Buried at the end of this interview between John Seigenthaler of Aljazeera and Executive Editor of the New York Times Jill Abramson is an admission that if there was one thing that was missing from the New York Times is that there are no cartoons. Here’s the pertinent snippet:
What do you think is missing now from The New York Times?
Cartoons.
Seriously?
I mean, well, we’ve never had cartoons. We run, you know, the review section runs one.
Political cartoons?
But we don’t have, like, a strip, like “Doonesbury.”
You’d like to see that?
I don’t know. Maybe so.
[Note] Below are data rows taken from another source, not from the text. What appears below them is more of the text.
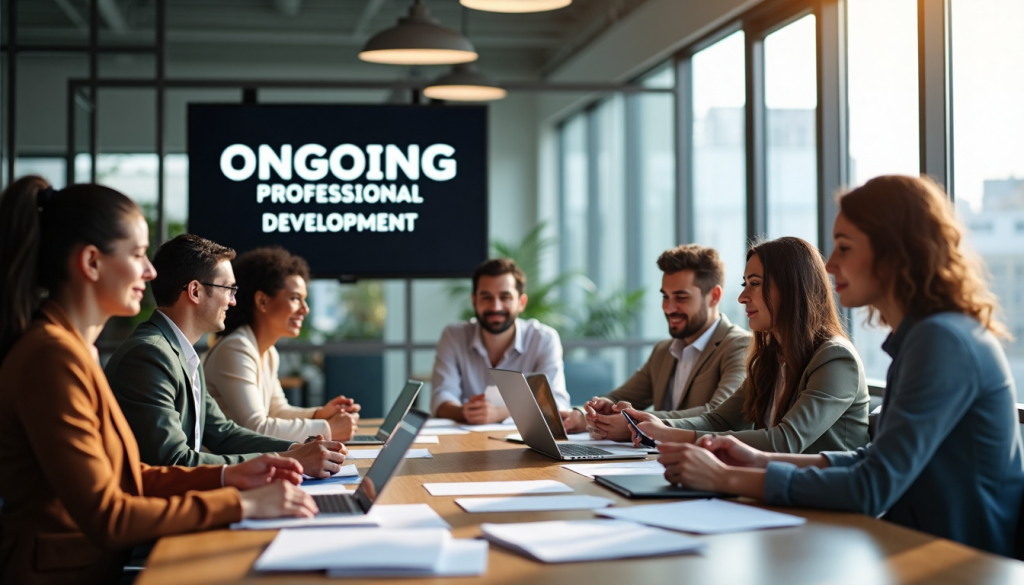 Team collaborating in sunny modern office with development message on screen
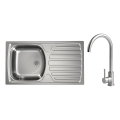ALVEUS - Køkkenvask BASIC 78x43,5 cm i rustfrit stål med satinfinish + køkkenarmatur VIOLA 36,7 cm i børstet rustfrit stål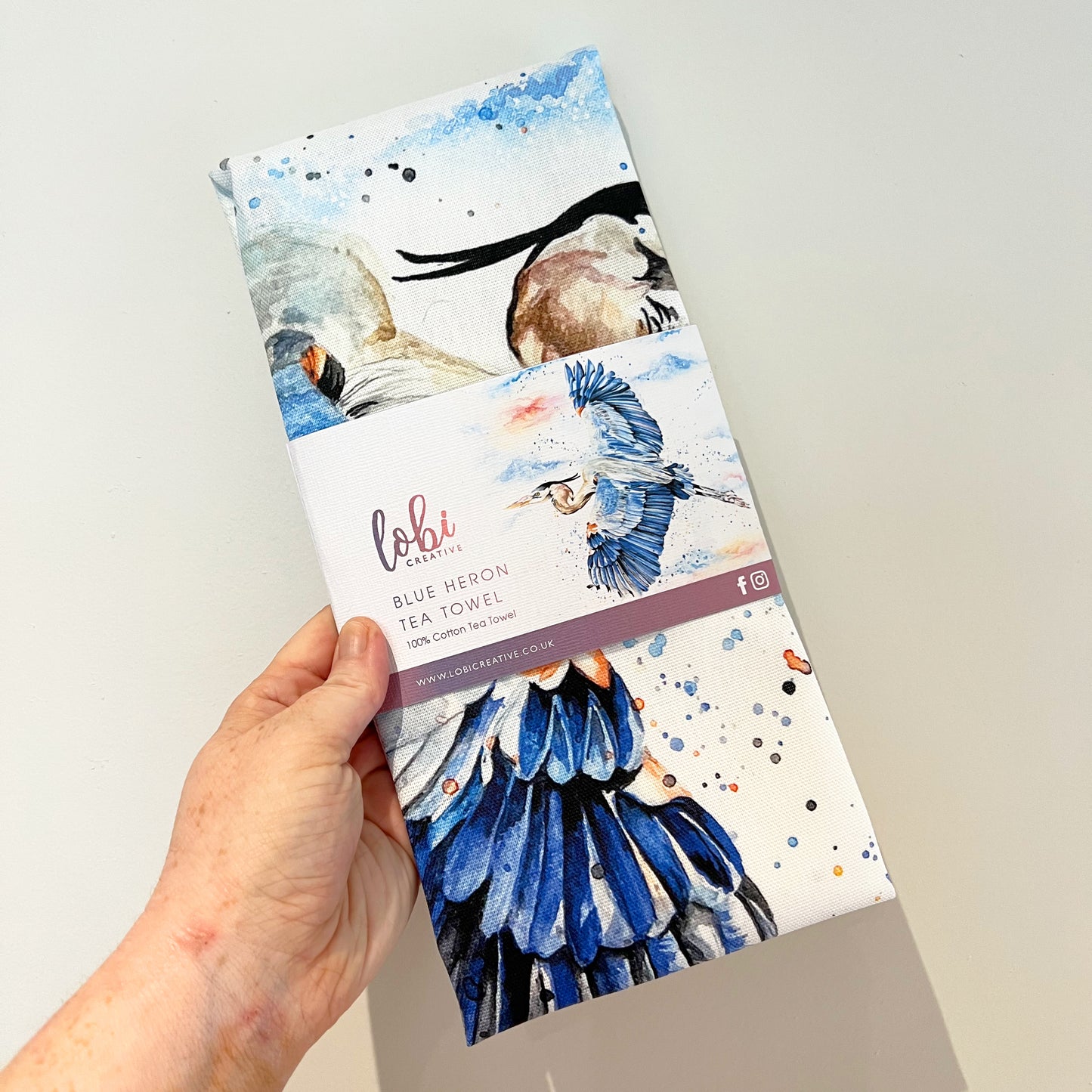 Watercolour Blue Heron Cotton Tea Towel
It depends on who’s in what.
I have a hard time believing NYT editors don’t know that comics are popular or that it isn’t an oft requested feature, but her last response indicates to me that they don’t lose a lot of sleep over it. Last thought: Given the paper’s brand, I would argue that the better option for them to add more cartoons isn’t to create a comics page and populate it with syndicated content, but do more what Matt Bors is doing over at the Nib and have a comic editor with a heavy rotation of cartoons.
I’ve sent the NYT offices Op-Ed cartoons often. The most I’ve ever seen back from them are form letters. I’m a stickler for persistence though.
There is strange, really strange and then there is the NY Times.
FYI- the last NY Times staff editorial cartoonist was Edwin Marcus 1959 and he only appeared weekly.
Let’s not forget the NYT’s attempt to get professional editorial cartoonists to submit their work for free for the chance to win a $250 “prize”! That should count for something!